### WORK ITEM
Write out nothing except the lines running from the one containing "Unisex Space-Dyed Polo Shirt worn" to the last line of the data, exactly as they stand.

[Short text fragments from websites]

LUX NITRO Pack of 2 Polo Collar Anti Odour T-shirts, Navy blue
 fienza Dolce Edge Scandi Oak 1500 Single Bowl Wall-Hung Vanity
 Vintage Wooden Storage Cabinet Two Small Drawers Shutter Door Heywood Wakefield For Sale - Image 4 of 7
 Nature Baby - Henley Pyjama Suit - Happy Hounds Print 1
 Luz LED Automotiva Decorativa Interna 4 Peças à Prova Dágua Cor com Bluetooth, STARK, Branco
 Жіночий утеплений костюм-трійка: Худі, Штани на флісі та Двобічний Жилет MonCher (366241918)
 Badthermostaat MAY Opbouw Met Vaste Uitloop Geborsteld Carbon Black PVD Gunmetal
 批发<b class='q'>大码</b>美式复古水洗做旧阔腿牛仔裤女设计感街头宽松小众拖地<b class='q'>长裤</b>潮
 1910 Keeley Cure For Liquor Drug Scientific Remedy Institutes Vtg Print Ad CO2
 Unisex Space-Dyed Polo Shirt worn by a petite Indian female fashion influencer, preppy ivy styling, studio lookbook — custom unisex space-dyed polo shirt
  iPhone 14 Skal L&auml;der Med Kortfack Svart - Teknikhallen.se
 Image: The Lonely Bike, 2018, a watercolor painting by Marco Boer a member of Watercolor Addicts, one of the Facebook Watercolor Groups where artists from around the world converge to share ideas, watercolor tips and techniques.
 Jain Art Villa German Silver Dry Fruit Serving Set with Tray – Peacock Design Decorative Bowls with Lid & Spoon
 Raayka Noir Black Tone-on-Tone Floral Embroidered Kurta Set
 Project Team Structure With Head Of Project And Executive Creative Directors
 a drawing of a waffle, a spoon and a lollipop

### EXPECTED ANSWER
 Unisex Space-Dyed Polo Shirt worn by a petite Indian female fashion influencer, preppy ivy styling, studio lookbook — custom unisex space-dyed polo shirt
  iPhone 14 Skal L&auml;der Med Kortfack Svart - Teknikhallen.se
 Image: The Lonely Bike, 2018, a watercolor painting by Marco Boer a member of Watercolor Addicts, one of the Facebook Watercolor Groups where artists from around the world converge to share ideas, watercolor tips and techniques.
 Jain Art Villa German Silver Dry Fruit Serving Set with Tray – Peacock Design Decorative Bowls with Lid & Spoon
 Raayka Noir Black Tone-on-Tone Floral Embroidered Kurta Set
 Project Team Structure With Head Of Project And Executive Creative Directors
 a drawing of a waffle, a spoon and a lollipop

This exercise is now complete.